The setting of Hulu's new miniseries Little Fires Everywhere is so precisely idyllic that it doesn't even seem real. The show is set in Shaker Heights, Ohio, a town that may appear to be an over-the-top satire of image-obsessed, affluent small towns in America, similar to the fictional Stepford, Connecticut, of The Stepford Wives. But unlike Stepford, Shaker Heights is a real place, and there is an important reason why Little Fires Everywhere is set there.

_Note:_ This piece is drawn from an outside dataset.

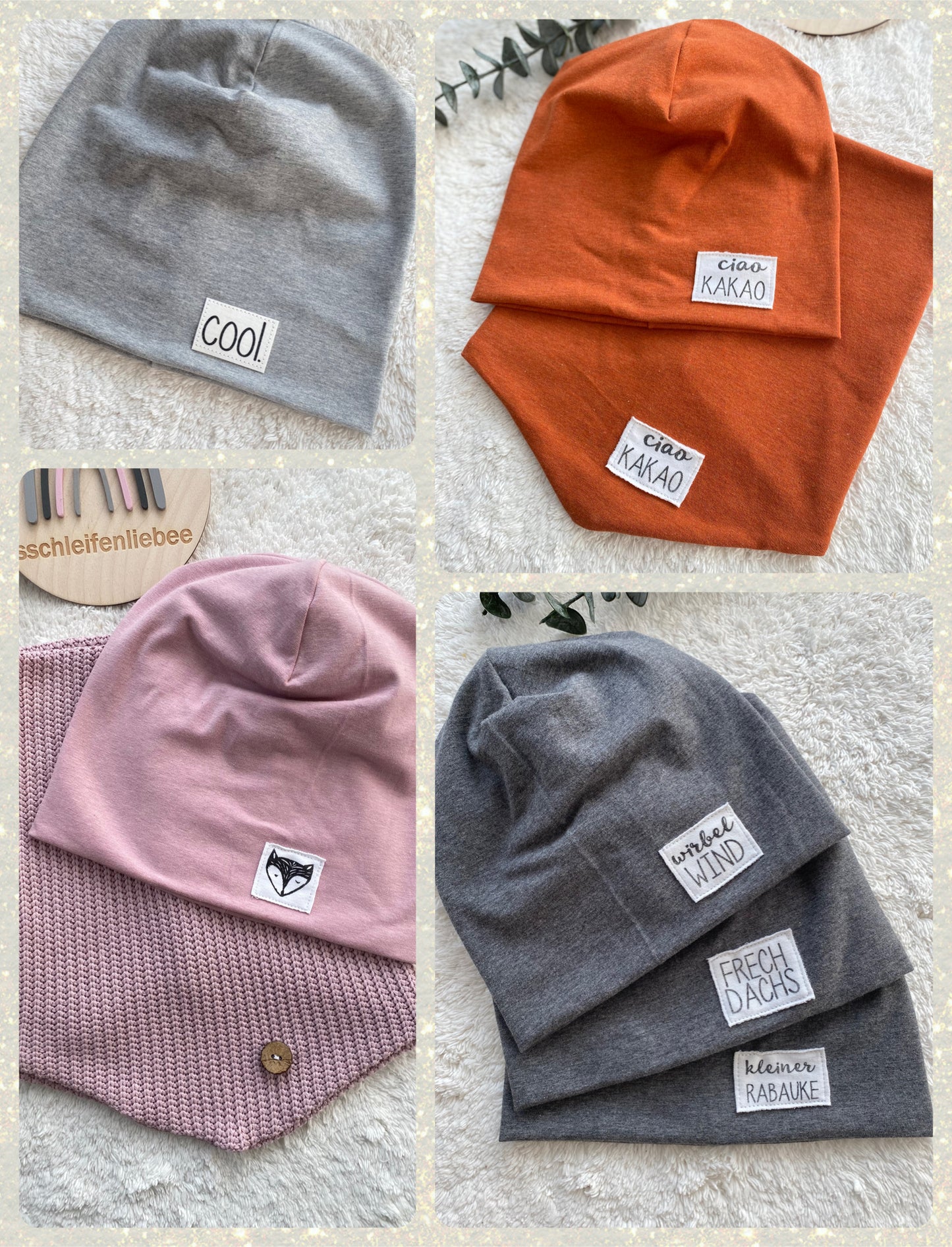Dein Design | Label Beanie | Used-Look & Leder | Dreieckloop | Melierte Farben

In its first three episodes that premiered on Hulu on Wednesday, March 18, Little Fires Everywhere introduces viewers to Shaker Heights through the eyes of outsiders Mia and Pearl Warren. The vagabond mother-daughter duo are surprised by the town's big homes, picture-perfect landscaping, and most of all, the pages of strict rules that come with being a resident. Once Elena Richardson rents her apartment to Mia and Pearl, she hands them a booklet full of rules, including a requirement for the maximum height the grass in their lawn can reach and a special garbage-collection system that prevents trashcans from ruining the beautiful aesthetic of the town.

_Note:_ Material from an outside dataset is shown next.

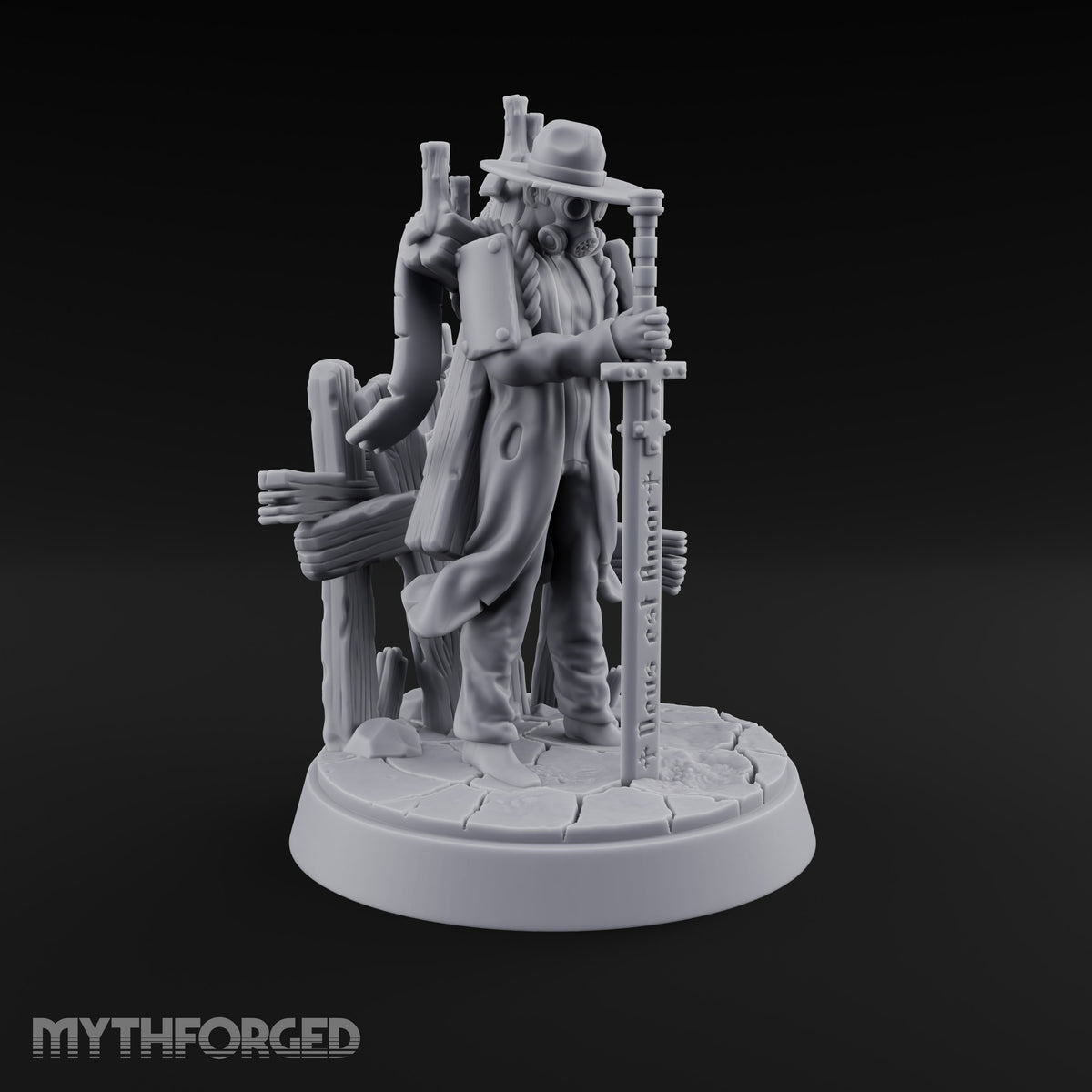 Sword as Sermon Human Trench Preacher Miniature for Dungeons and Dragons, Pathfinder or other TTRPGs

Elena herself encapsulates the image-conscious, rule-abiding, perfect Shaker Heights citizen, as she is constantly dressed to the nines and adding color-coded Post-its to her giant kitchen calendar. It's enough to make viewers think the town was invented as a piece of satire, but Shaker Heights, Ohio is a real place.
Shaker Heights was founded in 1912 as a planned community, envisioned to be a suburban retreat from the industrialism of nearby Cleveland. Strict building codes and zoning laws have become part of the town's signature identity through the years.
The real reason Shaker Heights is the setting for Little Fires Everywhere, though, is because it was where author Celeste Ng was raised. Ng wrote the 2017 novel of the same name that the new miniseries is based on, and she spoke to Cleveland.com about how growing up in the surprisingly progressive community helped form her views on race and class:
I loved growing up in Shaker, and I didn't realize until after I left what an unusual place it is: how progressive the community is, how many opportunities we had at school (a planetarium! creative writing courses! the theatre program!). Growing up in Shaker made me conscious of race, in the best possible way. I was part of SGORR (the Student Group on Race Relations) for three years in high school, where we visited elementary school classrooms to talk about things like discrimination and stereotyping. Our teams met weekly to discuss these issues ourselves, and hearing others' perspectives made me think deeply about how others perceive us versus how we perceive ourselves.
Of course, many issues involving race and class can be incredibly tricky topics, and the most complex parts of the series will tackle those gray areas and tough questions, with Shaker Heights as the backdrop.
New episodes of Little Fires Everywhere drop on Wednesdays on Hulu.